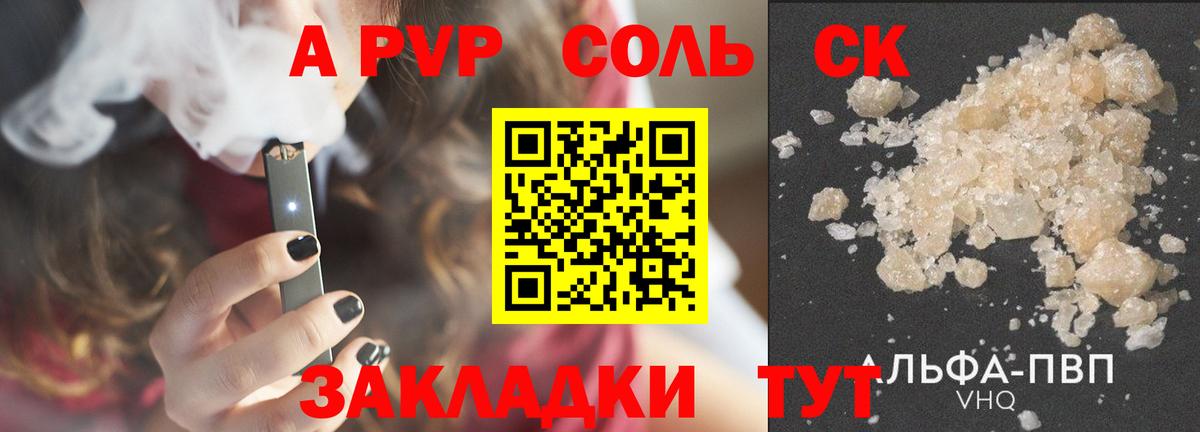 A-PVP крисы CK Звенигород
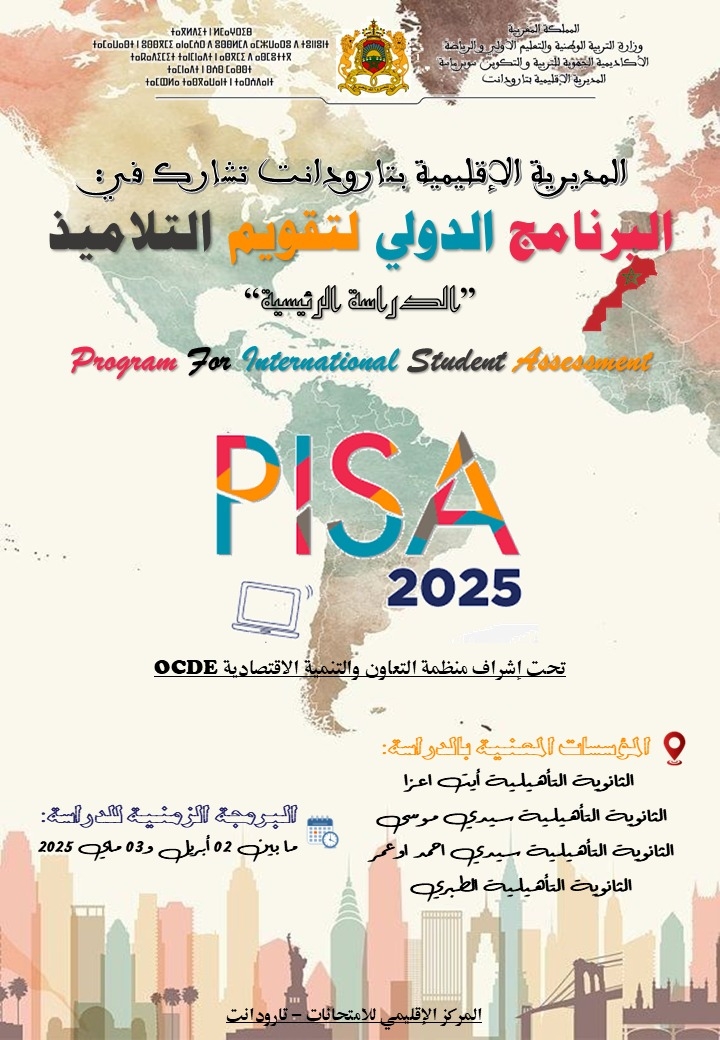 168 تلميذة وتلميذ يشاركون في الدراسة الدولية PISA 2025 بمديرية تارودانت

* * *

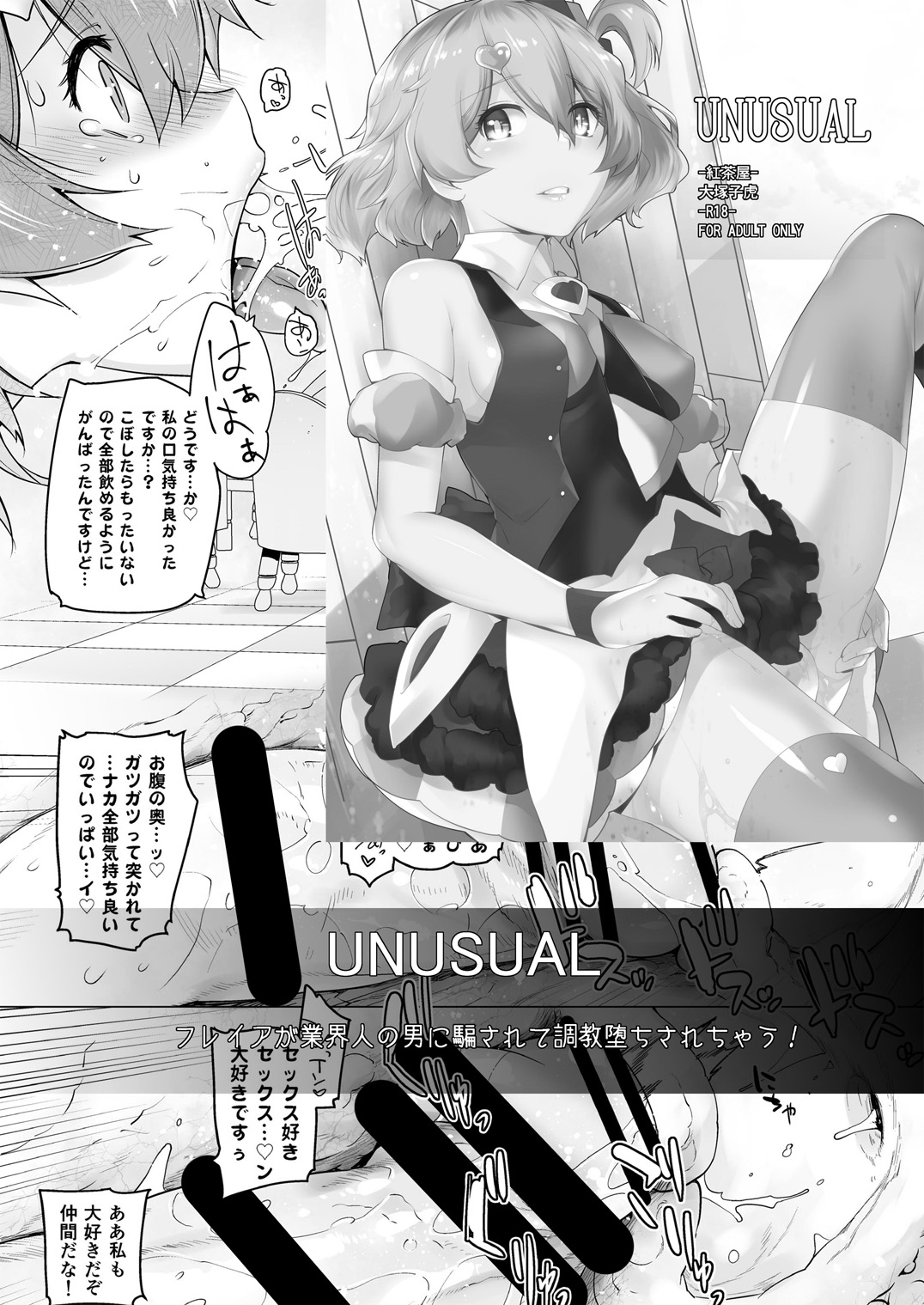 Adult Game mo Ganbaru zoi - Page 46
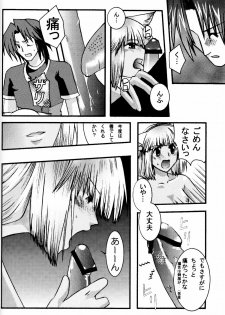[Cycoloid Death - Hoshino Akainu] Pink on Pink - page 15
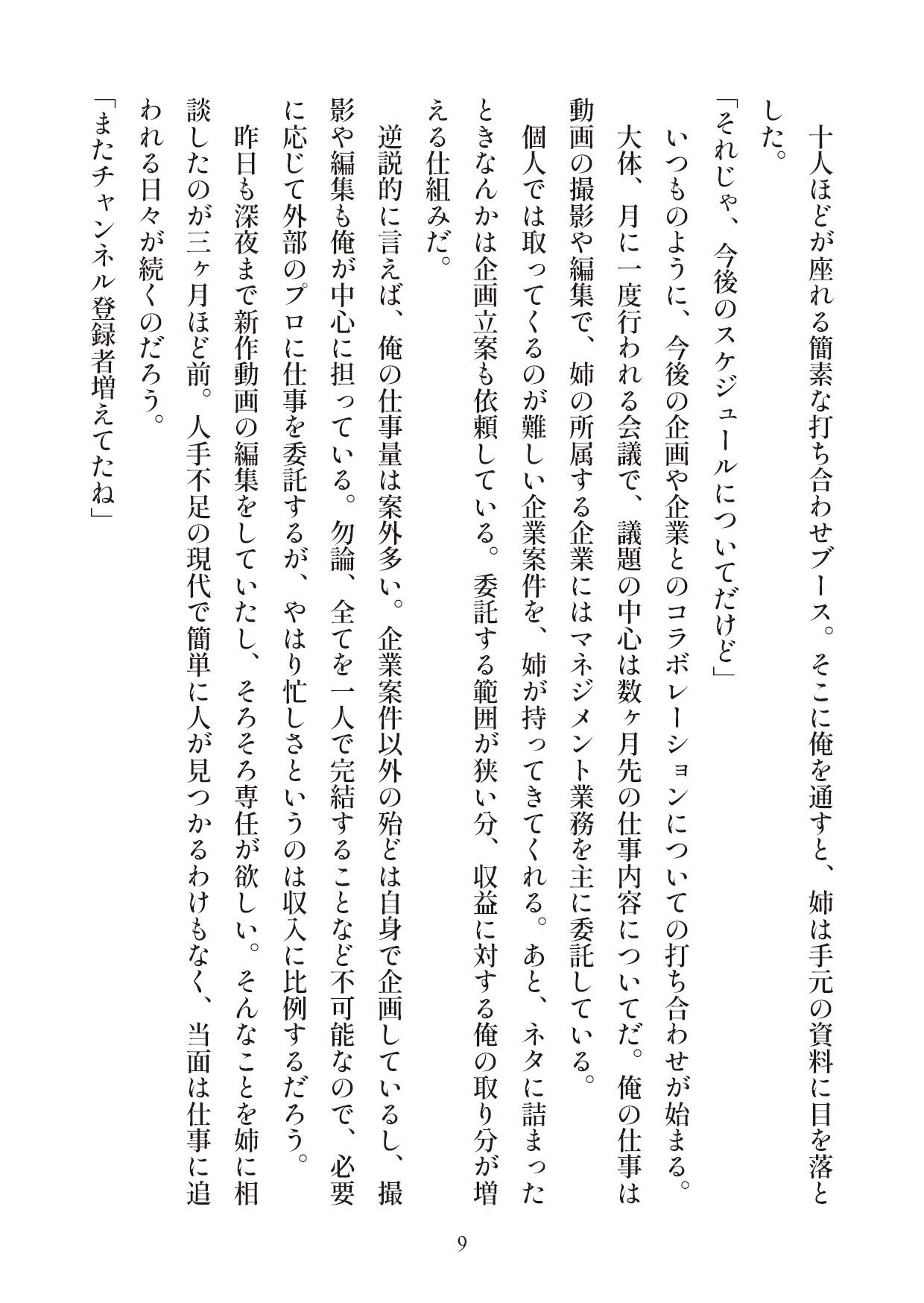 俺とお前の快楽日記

--

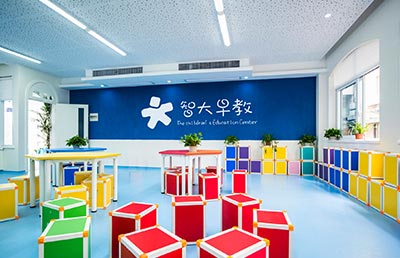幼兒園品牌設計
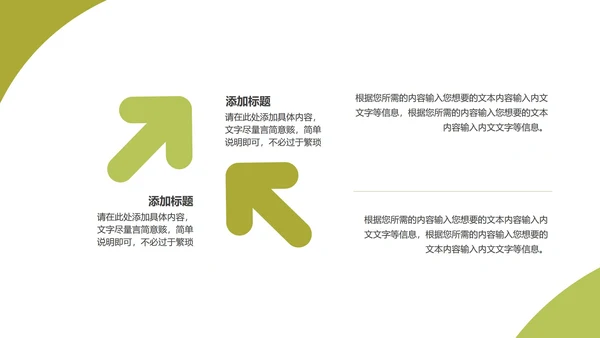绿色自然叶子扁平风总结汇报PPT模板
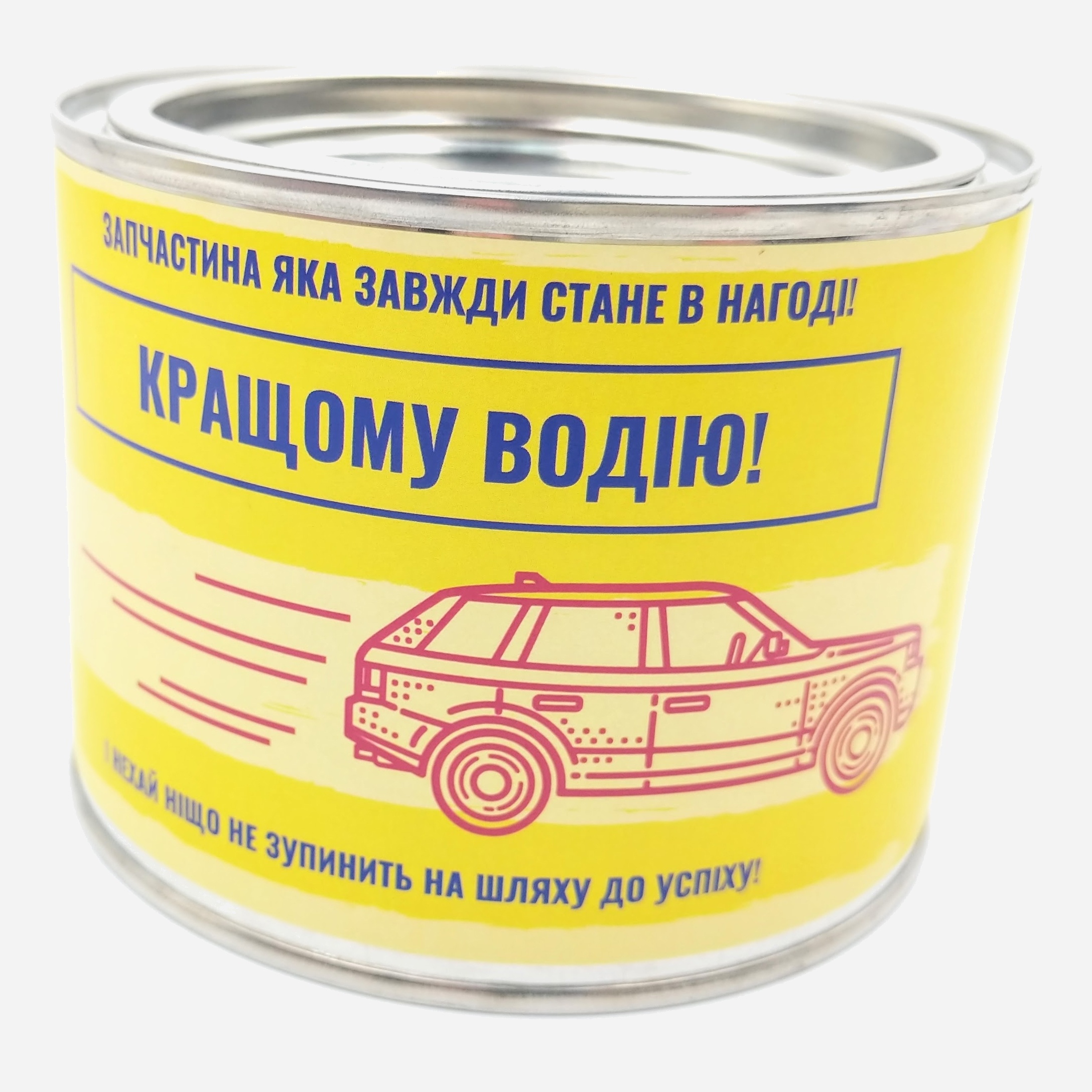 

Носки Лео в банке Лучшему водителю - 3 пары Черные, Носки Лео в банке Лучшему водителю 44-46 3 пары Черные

- **Directions for this task**
Nothing but the lines from the one with "A-PVP крисы CK Звенигород" to the one with "168 تلميذة وتلميذ" above, both included, should be transcribed, exactly and without pictures.

- **Task answer**
 A-PVP крисы CK Звенигород
 168 تلميذة وتلميذ يشاركون في الدراسة الدولية PISA 2025 بمديرية تارودانت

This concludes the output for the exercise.